For every car, which most Vietnamese can’t afford, hundreds of bicycles and scooters zoom by in swarms, wedging the flow to make turns, sometimes in the wrong direction, honking continuously. Their drivers wear helmets and protective masks against exhaust.
Your only hope of crossing a street is just to step out. Traffic will flow around you. Stop lights are sparse. This orderly disorder seems to work, though. I didn’t see one accident in Da Nang, Hoi An, Dong Ha, Quang Tri City, Hue or Hanoi, a city of 7 million people.
During rare free time on a recent tour with U.S. military veterans and their families, I tried to stroll, but sidewalks were usually blocked by parked scooters, piles of bricks and blocks, mounds of dirt or sand, merchandise, people cooking on grills or eating and drinking at plastic tables.

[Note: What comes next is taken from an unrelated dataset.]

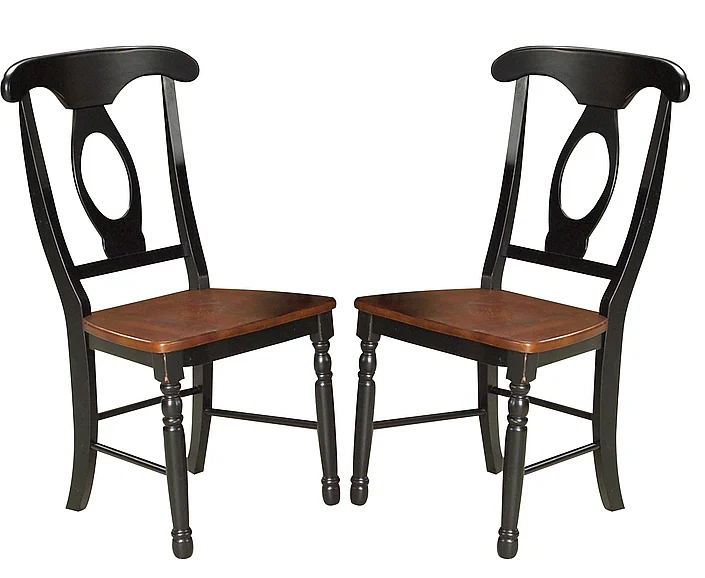 British Isles Napoleon Side Chair in Oak/Black (Set of 2) BRIOB285K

Village life slid by the windows of our bus — small plaster houses with corrugated metal roofs in rows along the road, water-stained and mildewed; laundry drying on stone walls; pocket gardens growing vegetables; lounging dogs, chickens pecking around and lots of mud.

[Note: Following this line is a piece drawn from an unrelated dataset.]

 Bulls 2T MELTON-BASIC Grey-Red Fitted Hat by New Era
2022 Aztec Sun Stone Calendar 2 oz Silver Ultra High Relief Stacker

Fifty years later, the places the veterans remember have been altered. Old air bases are overgrown and ghostly. The Hotel Saigon Morin, a five-star hotel in Hue, was Hue University in 1968. During the Tet Offensive, its courtyard was strewn with dead bodies and the bloody boot prints of Marines darting for cover.
Most buildings were built and most of the population was born after the war. Expatriate Rick Ellis, in an op-ed in the Tuoi Tre News, wrote that if “the war” is mentioned, most Vietnamese think of the more recent Chinese incursions.

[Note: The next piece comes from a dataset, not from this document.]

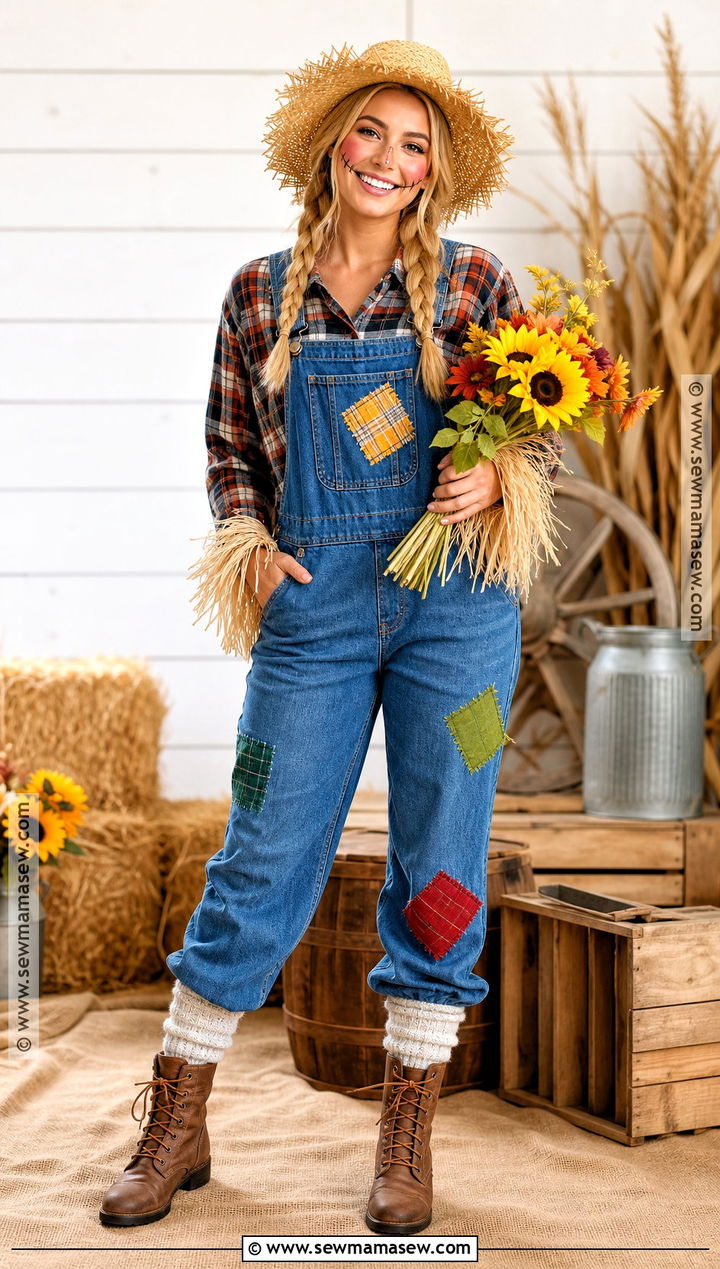 Scarecrow Costume With Patchwork Overalls - 45 cute costumes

“The American War is a very small amount of time on their timeline of being occupied,” said Chuck Meadows, who, after retiring as a career Marine colonel, has done reparation work with Peace Trees, a nonprofit that helps the Vietnamese dig up unexploded ordnance and dispatch it safely. “Six, eight years ago, we went to Hanoi on a 1,000th anniversary. We Americans can’t get our minds around that” span of time.
One veteran on the trip, Bob Rider of Albuquerque, N.M., noted all the little shops — one after another, block after block — open to the air, alive with patrons, even in small towns. He wondered how they make it. I thought it may be because there are so few big stores. We saw Starbucks, McDonalds, Kentucky Fried Chicken and a few other American chains in Hanoi, but Vietnamese enterprise is mostly grassroots — and they take U.S. dollars.
In the early 1990s, the Communist government began allowing people to own property and businesses. It obviously knew better than to stifle such a powerful economic engine.
That policy allowed Phan Cu security for his Mandarin Cafe in Hue. He had been displaced twice by the government but now owns the building his restaurant is in.
“More tourists started coming,” he said, “and my restaurant has been busy.”
Veterans return with decades of internal conflict. Some are tortured by survivor’s guilt, by the seemingly random snuffing out of life they witnessed. Their mental images sometimes still wake them in panic. They sometimes still hear screams. This overstimulation caused by horror afflicted the Vietnamese, too, but there are few elders left. The overstimulation of Vietnam now is of kinetic vibrancy.
Many Americans still pick at the war like a splinter, still decry the years of government lies, waste and sacrifice. But 43 years after we extricated ourselves, Vietnam is at peace and whole.
Communism has survived this long, and it may be what the people will continue to want. They have no choice at the ballot box, but communism may otherwise be contested. The Vietnamese are a lovely people who know how to outlast what they don’t want to endure.
Mr. Meadows, who in 1968 led Golf Company, 2nd Battalion, 5th Marines in the Battle of Hue, gave me an entirely new worldview when I asked what he thought an American victory would have looked like.
“I don’t jump to the conclusion we lost the war,” he said. “They can now own their own businesses and land. English is their second language. They have fancy shopping malls and beach resorts better than Florida would ever hope to have.
“Time has a way of changing the perspective.”